This report details evidence-based best practice for myopia management, including risk factor identification, the examination process, selection of treatment strategies and guidelines for ongoing management. Practitioner considerations such as gaining informed consent and patient and parent communication are detailed.


Risk factor identification

Myopia has been traditionally viewed as a consequence of interplay between genetic, ethnic and environmental risk factors. The following section highlights these risk factors:

  1. Younger age at myopia onset: The child at risk of developing myopia can be identified by comparing their refractive error to the age-normal (Table 1). Lower hyperopia than age-normal can indicate risk of myopia development; future myopes show less hyperopic refractions for up to 4 years before onset of myopia, compared to age matched counterparts who remained emmetropic. The major factor contributing to faster childhood myopia progression is younger age at myopia onset, with this factor being independent of gender, ethnicity, school, time spent reading and parental myopia.
  2. Age normal cut-offs based on an ethnically diverse US study of more than 4,500 children.
Age (years) Refraction
6 +0.75 D or less
7 to 8 +0.50 or less
9 to 10 +0.25 D or less
11 emmetropia
  1. Myopic parents: Having one or two myopic parents increases risk, along with less time spent outdoors and more time spent reading.
  2. Asian ethnicity: Ethnic background also plays a role in myopia susceptibility, with a greater prevalence in those with Asian ethnicity.
  3. Binocular vision disorders: The pre-myope may show specific binocular vision disorders, including reduced accommodative responses, increased accommodative lag and higher AC/A ratios.
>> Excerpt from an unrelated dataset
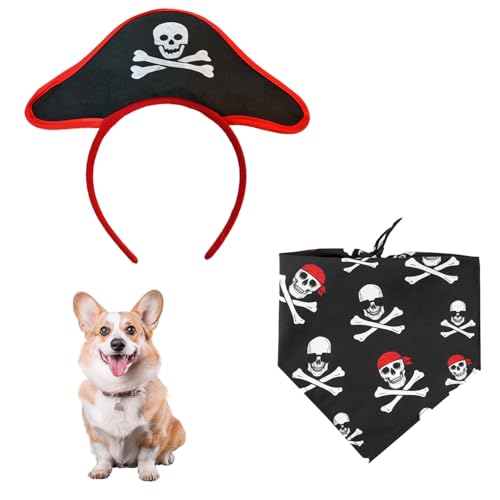 MEISH Piratenkapitän Hundekostüm, Piratenkapitän, Stirnband, Hunde-Totenkopf-Bandana, Cosplay, Party, tägliches Tragen, Zubehör für Halloween, 2 Stück MEISH Piratenkapitän Hundekostüm, Piratenkapitän, Stirnband, Hunde-Totenkopf-Bandana, Cosplay, Party, tägliches Tragen, Zubehör für Halloween, 2 Stück von MEISH
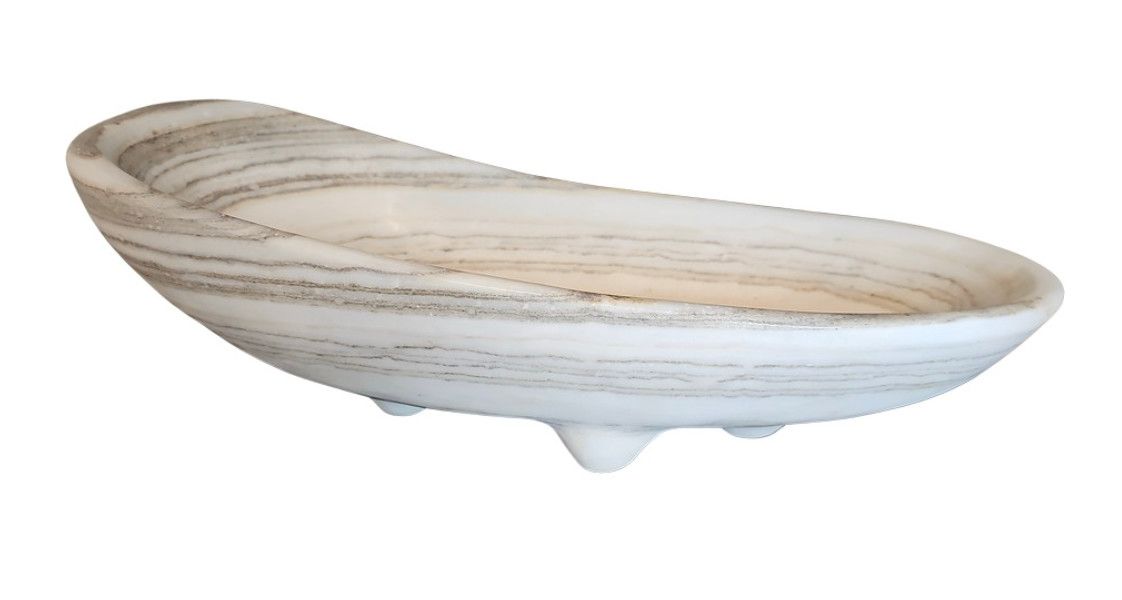 SOLD Marble Bowl Legged  20&quot; L x 7&quot; H x 8&quot; W Cream/Gray/Brn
The effect of managing these disorders on myopia development has not yet been defined.
  4. After myopia onset, conjecture exists as to whether accommodative errors are a feature rather than a cause of myopia.
  5. Visual environment: Children who become myopic appear to spend less time outdoors as compared to their non-myopic counterparts. Additionally, the risk of myopia development and progression is significantly associated with reading at very close distances (<20cm) and for continuous periods of time (>45 min), rather than being associated with total time spent on all near activities.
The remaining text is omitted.